Un investissement financier assumé par les collectivités
Ce travail d'analyse a un coût. Dans l'Eure, le budget prévu pour le seul remplacement des panneaux de signalisation s'élève à 200 000 euros. Une somme conséquente pour une collectivité, qui reflète l'ampleur du chantier. La généralisation de la nouvelle limitation sur l'ensemble des axes retenus est attendue d'ici 2026.
Le déploiement s'accompagne également d'une multiplication des radars pédagogiques ou fixes sur les itinéraires concernés. L'objectif affiché est double : informer les conducteurs des nouvelles règles en vigueur et maintenir une surveillance de l'accidentologie pour guider les politiques futures.
itinéraires départementaux analysés dans l’Eure avant tout relèvement à 90 km/h
Ce que les conducteurs doivent savoir sur le réseau routier concerné
Le retour à 90 km/h ne concerne que le réseau routier départemental hors agglomération. Les autoroutes et les routes nationales ne sont pas visées par ces arbitrages locaux. Et même sur les axes qui retrouvent la limitation à 90 km/h, les autorités rappellent que la vitesse affichée sur un panneau est une limite maximale, non une vitesse cible.
Adapter son allure aux conditions réelles de conduite, qu'il s'agisse de la météo, de l'affluence du trafic ou de l'état de la chaussée, reste une règle fondamentale du code de la route. Un point que les autorités martèlent, même à l'heure où la signalétique évolue.
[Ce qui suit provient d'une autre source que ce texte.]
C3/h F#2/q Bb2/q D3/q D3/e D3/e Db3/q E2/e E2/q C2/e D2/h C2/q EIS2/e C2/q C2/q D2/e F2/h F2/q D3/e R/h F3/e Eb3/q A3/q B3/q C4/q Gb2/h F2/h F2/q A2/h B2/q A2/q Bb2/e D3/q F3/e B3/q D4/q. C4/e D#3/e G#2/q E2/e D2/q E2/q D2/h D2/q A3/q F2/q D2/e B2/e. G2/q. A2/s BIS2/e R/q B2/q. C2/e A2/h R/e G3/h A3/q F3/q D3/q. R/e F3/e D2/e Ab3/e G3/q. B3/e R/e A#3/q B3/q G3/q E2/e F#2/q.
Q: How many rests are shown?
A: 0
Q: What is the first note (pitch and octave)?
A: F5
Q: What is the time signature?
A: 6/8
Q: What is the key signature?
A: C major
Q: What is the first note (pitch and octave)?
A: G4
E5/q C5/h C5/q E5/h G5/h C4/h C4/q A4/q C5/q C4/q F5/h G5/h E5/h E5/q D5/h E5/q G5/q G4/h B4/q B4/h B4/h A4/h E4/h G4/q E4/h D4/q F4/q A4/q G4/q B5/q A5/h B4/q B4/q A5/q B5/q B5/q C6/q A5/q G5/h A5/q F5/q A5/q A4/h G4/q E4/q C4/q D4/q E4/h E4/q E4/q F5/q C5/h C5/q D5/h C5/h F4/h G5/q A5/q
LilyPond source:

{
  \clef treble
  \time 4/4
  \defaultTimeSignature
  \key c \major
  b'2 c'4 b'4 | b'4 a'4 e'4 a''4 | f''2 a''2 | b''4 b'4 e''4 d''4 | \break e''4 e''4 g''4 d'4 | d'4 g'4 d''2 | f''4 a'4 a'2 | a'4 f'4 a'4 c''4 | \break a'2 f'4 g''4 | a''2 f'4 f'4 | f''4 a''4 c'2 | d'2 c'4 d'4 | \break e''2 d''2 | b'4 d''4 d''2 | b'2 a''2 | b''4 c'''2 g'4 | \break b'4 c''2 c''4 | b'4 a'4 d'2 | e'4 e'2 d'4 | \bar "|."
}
Pour rester informé des limitations en vigueur sur un itinéraire précis, les applications de navigation sont désormais incontournables. Certains conducteurs ont d'ailleurs déjà abandonné des outils historiques au profit de solutions GPS plus réactives aux évolutions réglementaires.
Une application hétérogène qui crée une France à deux vitesses
Le principal écueil de cette réforme progressive est son caractère fragmenté. Certains départements ont relevé la limitation sur une large partie de leur réseau, d'autres n'ont encore rien décidé, et d'autres encore procèdent axe par axe depuis plusieurs années. Résultat : la carte des limitations de vitesse sur routes secondaires françaises est devenue un patchwork difficile à appréhender pour les conducteurs.
Cette hétérogénéité pose aussi la question de l'équité entre territoires. Un automobiliste normand peut rouler à 90 km/h sur une route comparable à celle d'un département voisin où la limitation reste à 80 km/h, sans que la différence de dangerosité entre les deux axes ne justifie nécessairement cet écart.
Le suivi de l'accidentologie prévu dans des départements comme l'Eure permettra, à terme, de disposer de données solides pour trancher ce débat. Si les chiffres confirment que le retour au 90 km/h n'entraîne pas de hausse significative des accidents graves sur les axes sélectionnés, d'autres territoires pourraient accélérer leur propre démarche. Dans le cas contraire, les ajustements seraient possibles route par route, grâce au suivi précis mis en place.
Un détail, anecdotique mais révélateur des limites des systèmes de contrôle automatisé : une conductrice a été flashée à 703 km/h sur une route française, une vitesse physiquement impossible qui illustre les dysfonctionnements ponctuels des dispositifs de mesure. Un rappel que les radars, aussi nombreux soient-ils, ne sont pas infaillibles, et que la sécurité routière repose d'abord sur le comportement humain au volant.